Corporate, general and administration expenses. Corporate, general and administration expenses increased $0.9 million to $2.9 million for three months ended June 30, 2025 from $2.0 million for three months ended June 30, 2024. As a percentage of net revenues, these expenses increased to 11.8% for the three months ended June 30, 2025 from 9.1% for the three months ended June 30, 2024.

Six months ended June 30, 2025 compared to six months ended June 30, 2024

Revenues, net. Revenues increased $5.3 million, or 12.3%, to $48.5 million during the six months ended June 30, 2025 compared to $43.2 million during the six months ended June 30, 2024. This was primarily driven by an increase in member count as well as improvements in ARPU due to an increase in prices.

Cost of revenues. Cost of revenues decreased $0.3 million or 4.6% to $6.2 million during the six months ended June 30, 2025, compared to $6.5 million during the six months ended June 30, 2024, which primarily relates to the increase in revenues and revenue mix, offset by a one-time adjustment in royalty expense. Gross profit margin increased during the six months ended June 30, 2025, to 87.2% from 84.9% for the six months ended June 30, 2024 primarily due to improvements in ARPU and the one-time adjustment in royalty expense.

Selling and operating expenses.
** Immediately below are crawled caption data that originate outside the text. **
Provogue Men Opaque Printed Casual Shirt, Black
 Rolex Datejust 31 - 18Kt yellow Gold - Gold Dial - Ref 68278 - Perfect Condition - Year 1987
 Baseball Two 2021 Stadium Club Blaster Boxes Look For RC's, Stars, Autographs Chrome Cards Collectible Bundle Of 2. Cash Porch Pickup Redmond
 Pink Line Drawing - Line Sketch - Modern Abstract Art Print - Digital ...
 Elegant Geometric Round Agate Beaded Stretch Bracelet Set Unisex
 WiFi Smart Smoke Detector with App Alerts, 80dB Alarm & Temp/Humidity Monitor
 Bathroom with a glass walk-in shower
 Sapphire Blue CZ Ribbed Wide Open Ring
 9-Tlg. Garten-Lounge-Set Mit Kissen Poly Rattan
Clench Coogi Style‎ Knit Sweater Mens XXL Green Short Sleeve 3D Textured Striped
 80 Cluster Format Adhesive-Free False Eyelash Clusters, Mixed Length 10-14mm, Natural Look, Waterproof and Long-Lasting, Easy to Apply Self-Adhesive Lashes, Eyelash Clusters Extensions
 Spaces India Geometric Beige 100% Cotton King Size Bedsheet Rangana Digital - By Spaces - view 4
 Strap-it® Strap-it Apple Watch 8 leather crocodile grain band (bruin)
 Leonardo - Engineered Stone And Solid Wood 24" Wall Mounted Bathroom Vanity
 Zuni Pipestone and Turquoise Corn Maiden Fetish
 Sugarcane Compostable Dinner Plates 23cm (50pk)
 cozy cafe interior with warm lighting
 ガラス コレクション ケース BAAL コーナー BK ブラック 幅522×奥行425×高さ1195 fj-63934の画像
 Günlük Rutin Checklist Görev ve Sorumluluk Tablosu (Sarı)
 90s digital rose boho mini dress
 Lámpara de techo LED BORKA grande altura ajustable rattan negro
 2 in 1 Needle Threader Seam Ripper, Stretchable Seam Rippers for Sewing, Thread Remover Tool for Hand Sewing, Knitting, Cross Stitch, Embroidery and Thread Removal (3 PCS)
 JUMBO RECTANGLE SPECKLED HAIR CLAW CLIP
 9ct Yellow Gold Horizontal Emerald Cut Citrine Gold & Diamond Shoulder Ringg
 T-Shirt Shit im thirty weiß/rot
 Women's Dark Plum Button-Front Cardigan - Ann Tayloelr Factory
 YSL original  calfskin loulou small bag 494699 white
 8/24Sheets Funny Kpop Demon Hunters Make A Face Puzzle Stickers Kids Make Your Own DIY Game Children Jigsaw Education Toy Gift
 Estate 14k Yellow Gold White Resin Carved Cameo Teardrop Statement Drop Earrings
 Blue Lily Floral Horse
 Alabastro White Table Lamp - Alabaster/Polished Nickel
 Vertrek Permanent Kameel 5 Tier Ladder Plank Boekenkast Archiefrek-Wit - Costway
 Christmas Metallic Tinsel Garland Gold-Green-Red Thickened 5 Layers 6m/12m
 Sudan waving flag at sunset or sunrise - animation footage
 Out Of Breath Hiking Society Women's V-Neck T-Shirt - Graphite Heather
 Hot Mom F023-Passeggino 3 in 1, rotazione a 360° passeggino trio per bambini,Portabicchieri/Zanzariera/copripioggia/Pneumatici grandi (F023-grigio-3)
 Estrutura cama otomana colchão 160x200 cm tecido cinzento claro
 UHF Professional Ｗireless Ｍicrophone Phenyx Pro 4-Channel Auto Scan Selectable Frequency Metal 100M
Selling and operating expenses increased $4.8 million, or 13.4%, to $40.7 million during the six months ended June 30, 2025, compared to $35.9 million for the six months ended June 30, 2024, driven primarily by an increase in marketing expense. As a percentage of net revenues, selling and operating expenses increased to 83.9% for the six months ended June 30, 2025 compared to 83.1% for the six months ended June 30, 2024.

Corporate, general and administration expenses. Corporate, general and administration expenses increased $1.2 million, or 33.3% to $4.8 million for the six months ended June 30, 2025 from $3.6 million for the six months ended June 30, 2024. As a percentage of net revenues, these expenses increased to 9.9% for the six months ended June 30, 2025 from 8.4% for the six months ended June 30, 2024.

Seasonality

Our member base reflects seasonal variations driven primarily by periods when consumers typically spend more time indoors and, as a result, tend to increase their viewing, similar to those of traditional TV and cable networks. We have generally experienced the greatest member growth in the fourth and first quarters (October through February), and slowest during May through August. This drives quarterly variations in our spending on member acquisition efforts and the number of net new subscribers we add each quarter but does not result in a corresponding seasonality in net revenue. As we continue to expand internationally, we expect regional seasonality trends to demonstrate more predictable seasonal patterns as our service offering in each market becomes more established and we have a longer history to assess such patterns.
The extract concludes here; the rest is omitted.